Ein gelber Zug rattert über die Hochbahn. "Jeder dieser Pfeiler symbolisiert eine Etappe des Leidensweges des jüdischen Volkes und ein jeder Zug den erfolgreichen Weg der Deutschen", kommentiert Sascha das Ereignis, während er mit theatralischer Geste auf die Brückenkonstruktion überm Landwehrkanal zeigt. Die Ironie unseres jüdischen Freundes aus Puschchino bei Moskau ist zuweilen drastisch, in diesem Falle ein Echo auf einen zweistündigen Rundgang durch das Jüdische Museum Berlin.

Unser dortiger Guide war Larissa Wechsler, eine in Kreuzberg lebende jüdische Journalistin, die für Russkaja Germanija und Russkij Berlin schreibt. Es war die erste Führung durch den Libeskind-Bau in Russisch. Mangels erläuternder Broschüren hat Frau Wechsler die 15köpfige Gruppe etwas ausführlicher auf die tiefe Symbolik dieser komplexen Architektur, die Bezüge zu jüdischer Religion und Geschichte hingewiesen. Sascha, der promovierte Physiker, empfindet das als etwas zuviel des Guten. Er fühlt sich angesichts der verschlungenen Interpretationen jedes baulichen Details an die kryptische Zeichenmystik der Kabbala erinnert. Überdies ist er ein unverbesserlicher Zyniker, dessen Einwürfe selten leichtverdauliche Kost abgeben. Zumal, wenn es so drückend heiß ist wie an diesem Sonntagnachmittag.

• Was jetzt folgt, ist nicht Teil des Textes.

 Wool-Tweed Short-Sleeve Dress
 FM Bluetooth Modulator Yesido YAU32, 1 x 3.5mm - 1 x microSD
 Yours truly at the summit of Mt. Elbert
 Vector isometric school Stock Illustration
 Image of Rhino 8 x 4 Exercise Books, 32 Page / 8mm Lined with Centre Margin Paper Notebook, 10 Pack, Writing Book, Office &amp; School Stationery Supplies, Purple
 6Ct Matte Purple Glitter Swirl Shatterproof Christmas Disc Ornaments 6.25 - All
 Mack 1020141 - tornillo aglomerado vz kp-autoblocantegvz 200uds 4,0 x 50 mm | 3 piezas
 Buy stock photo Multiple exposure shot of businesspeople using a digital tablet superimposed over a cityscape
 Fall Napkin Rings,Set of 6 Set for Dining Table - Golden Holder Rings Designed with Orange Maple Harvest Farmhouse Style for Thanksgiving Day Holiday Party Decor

Das Ensemble, sagt er, habe ihn beeindruckt, und er wünsche sich ein Ewrejskij Museij für Moskau, um den allgegenwärtigen Einfluß dieser Lebensart, Kultur und Kunst auch dort anschaulich werden zu lassen. Seine deutschen Gastgeber nicken stumm, obwohl wir diese Parallelisierung so nicht teilen; der eliminatorische Antisemitismus verleiht der Einrichtung in der früheren Reichshauptstadt eine Bedeutung, die sie nirgendwo sonst auf der Welt haben könnte. "Außerdem ist es langsam an der Zeit dafür", schiebt Sascha eine für ihn typische Bemerkung nach: "Juden werden für ihre Umgebung immer erst wichtig, wenn sie weg sind." Wir schlucken, aber sein breites Lachen ist ansteckend.

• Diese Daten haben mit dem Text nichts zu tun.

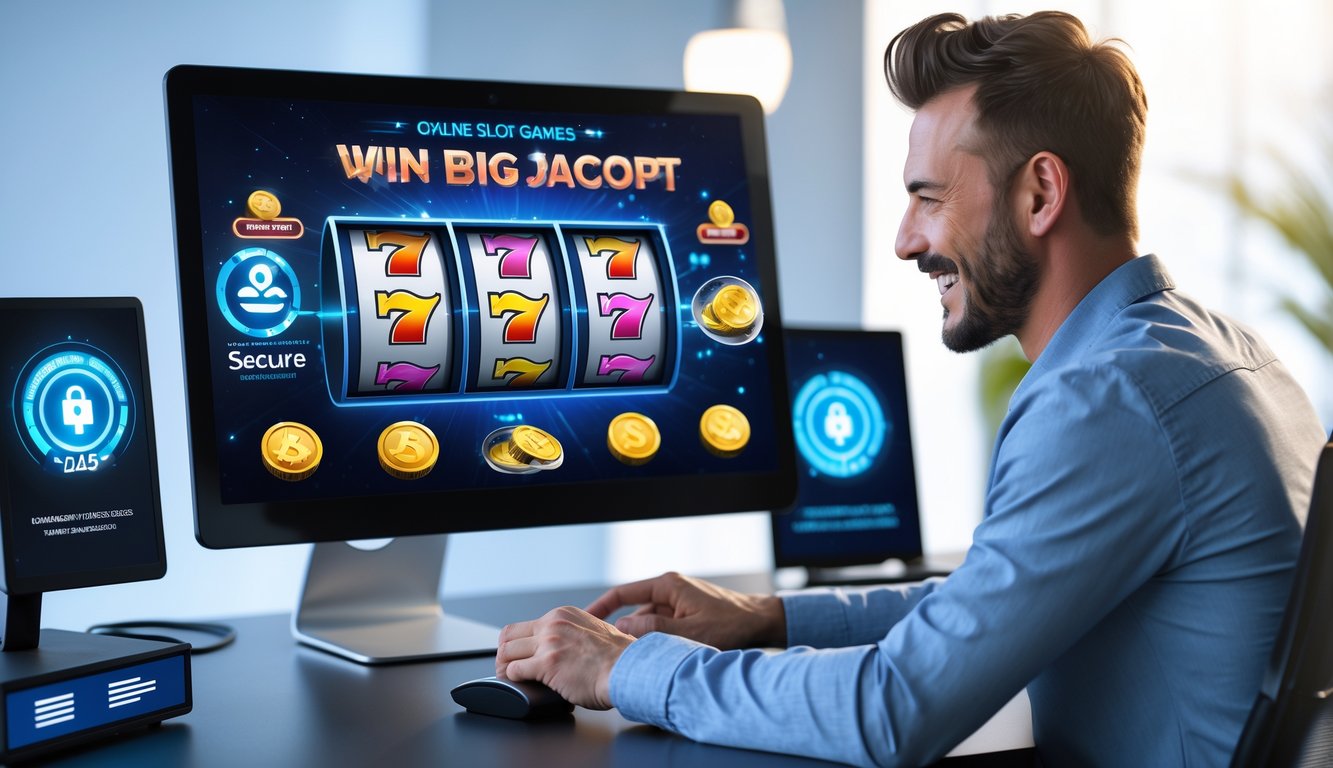 Seorang pemain dewasa sedang bermain mesin slot online di komputer dengan latar belakang ruang kerja modern yang bersih dan terang.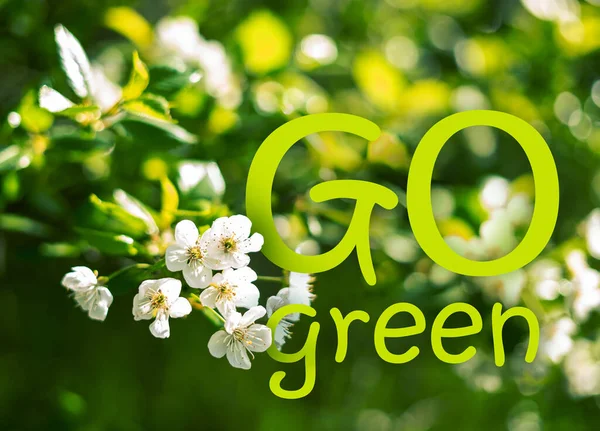 Go Green environmental protection - slogan on spring flowers background
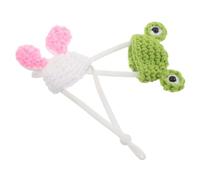 HAPINARY 2PCS Small Pet Costume Hats for Hamsters Lizards Parrots Lightweight Knitted Bunny Frog Caps Comfortable Fit Pet Headwear for Festive Photoshoots and Parties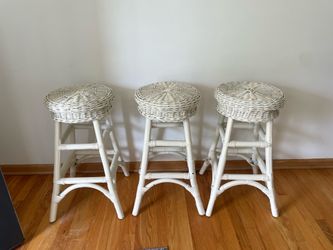 Wicker Stool Set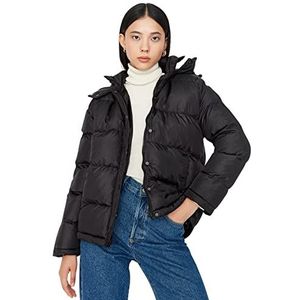 Trendyol Dames capuchon effen oversized winterjas jas, zwart, M, Zwart, M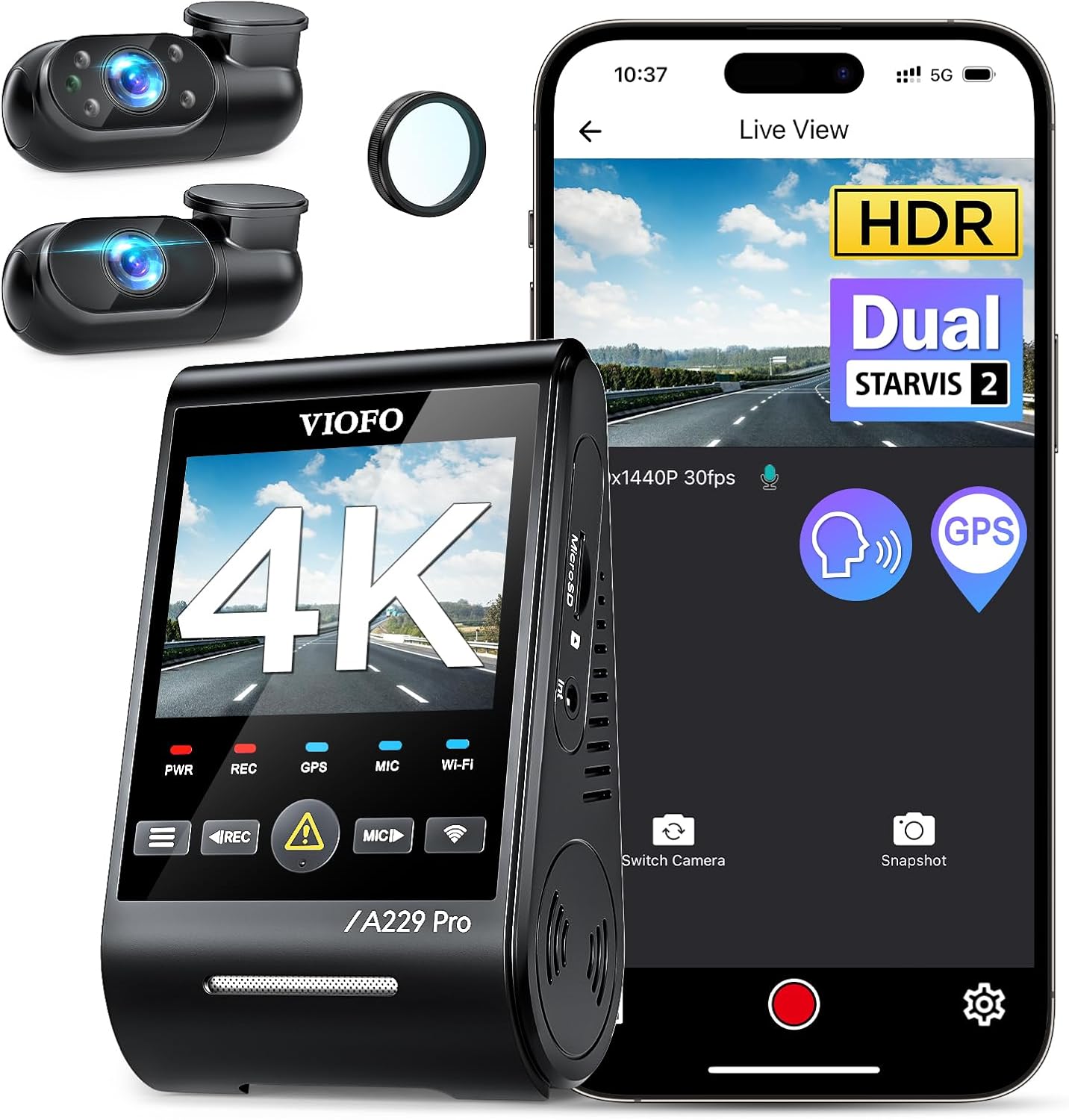 VIOFO A229 Pro 4K Triple Dash Cam: 5GHz WiFi, Voice Control, 24H Parking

Später, in der Kroatischen Taverne am Blücherplatz, kreist ein Insekt um Viktorias Teller. "Die Fliege sieht komisch aus", meint Saschas zwölfjährige Tochter, die uns tapfer durchs noch leere Museum gefolgt und jetzt sichtlich froh ist, sich endlich erfreulicheren Dingen widmen zu dürfen. "Irgendwie sieht sie braun aus." – Das sei eben eine deutsche Fliege, erwidert Sascha trocken, rollt mit den großen, dunklen Augen und wirft sich lachend in den Stuhl zurück.